> WORK ORDER:
In the entries that follow, repeat exactly the lines from the one that has "Кронштейн ручки" through the one that has "マジカルミライ2020", but omit pictures.

> PROVIDED DATA:

────

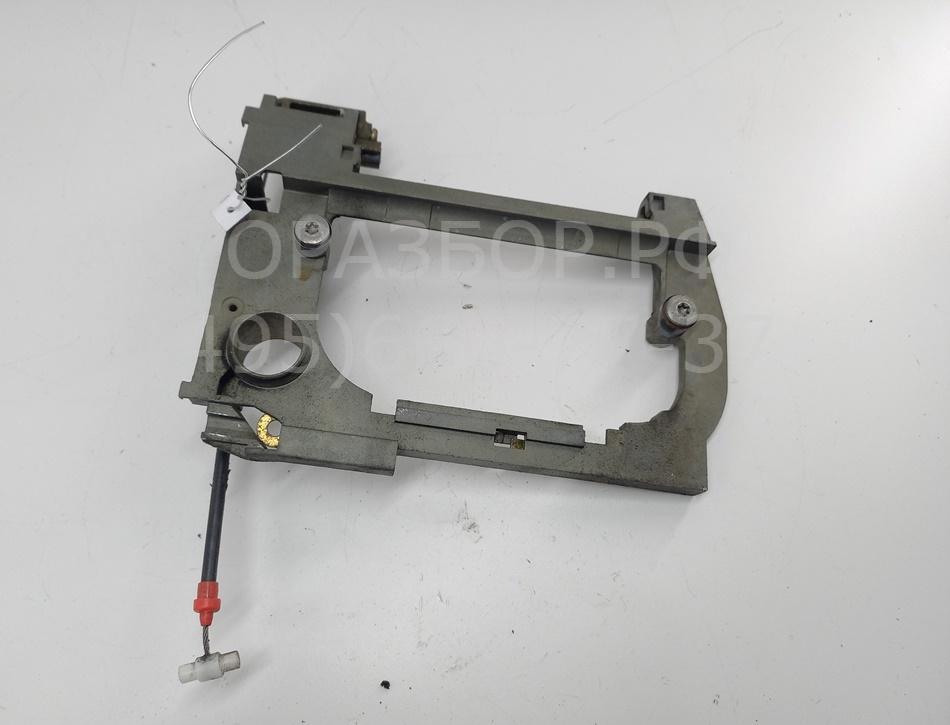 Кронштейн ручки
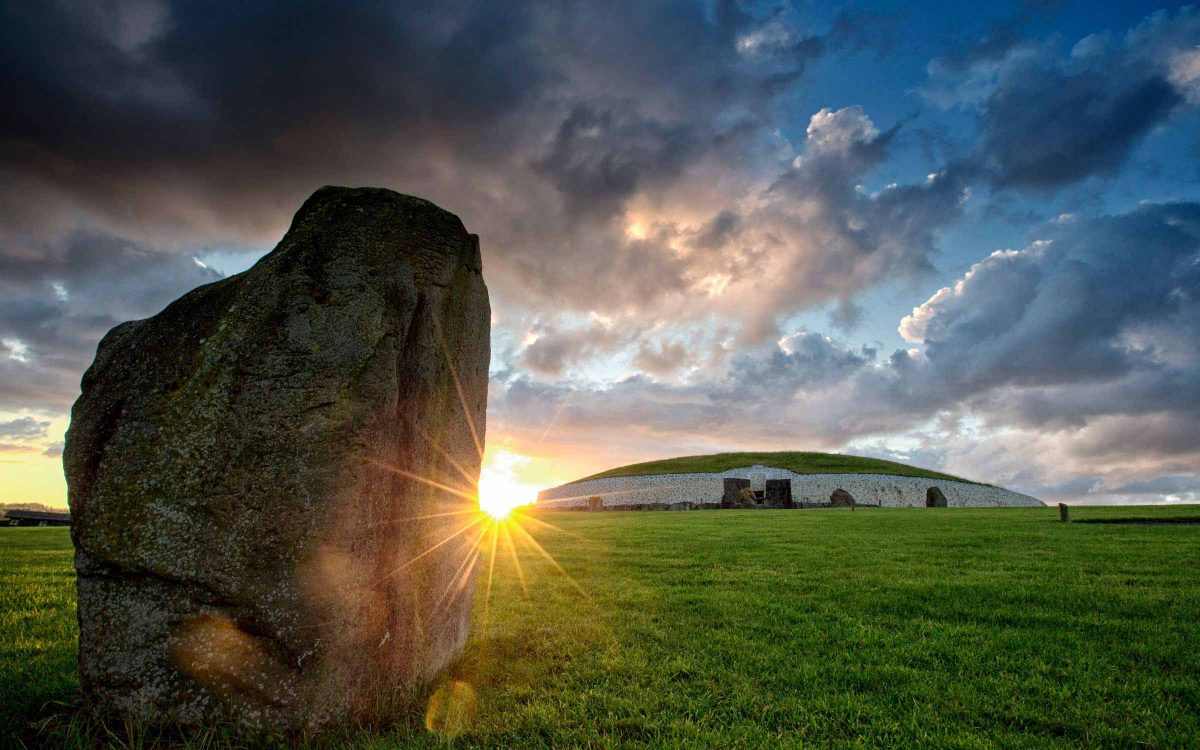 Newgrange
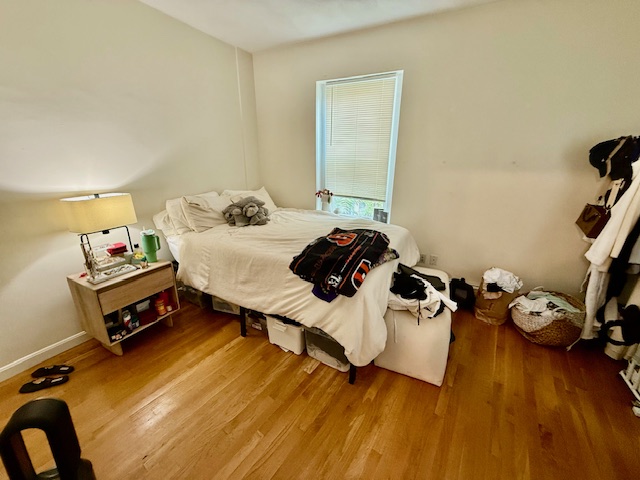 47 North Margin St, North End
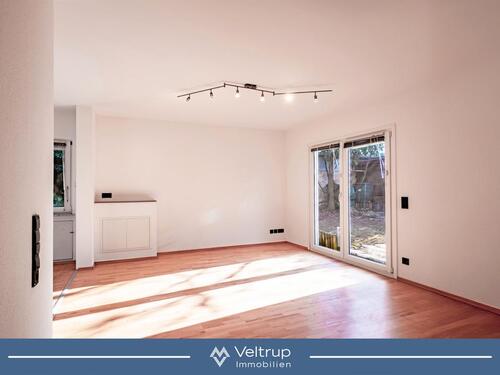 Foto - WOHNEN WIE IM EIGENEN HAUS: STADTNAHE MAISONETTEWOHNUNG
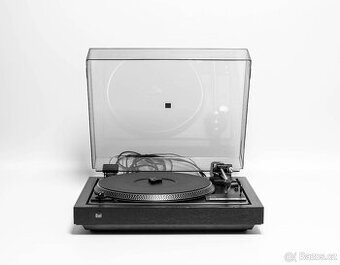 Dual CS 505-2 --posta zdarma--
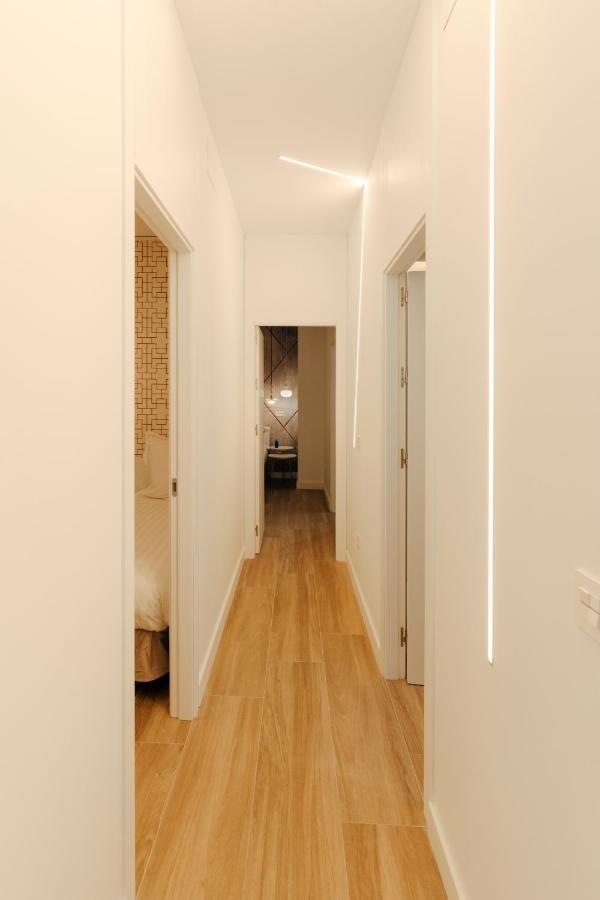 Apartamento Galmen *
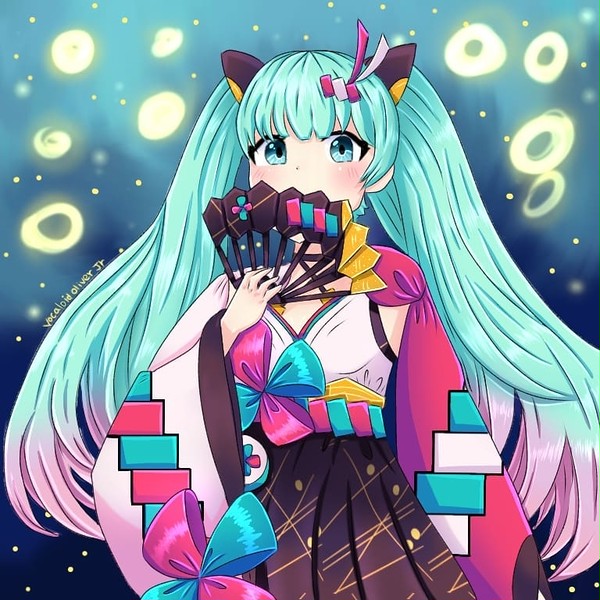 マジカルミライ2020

────

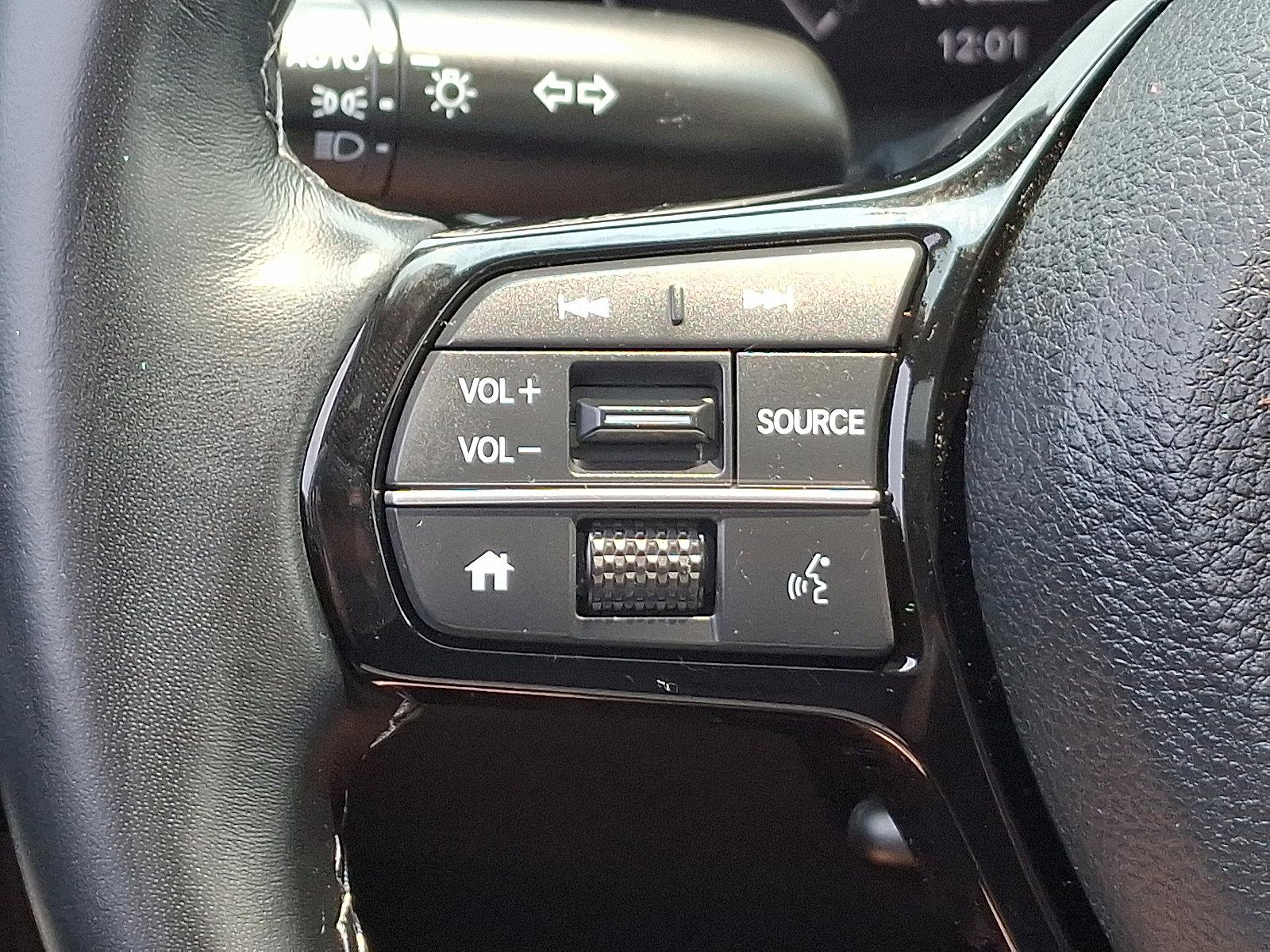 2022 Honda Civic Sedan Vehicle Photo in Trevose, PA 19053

────

> WRITTEN RESPONSE:
 Кронштейн ручки
 Newgrange
 47 North Margin St, North End
 Foto - WOHNEN WIE IM EIGENEN HAUS: STADTNAHE MAISONETTEWOHNUNG
 Dual CS 505-2 --posta zdarma--
 Apartamento Galmen *
 マジカルミライ2020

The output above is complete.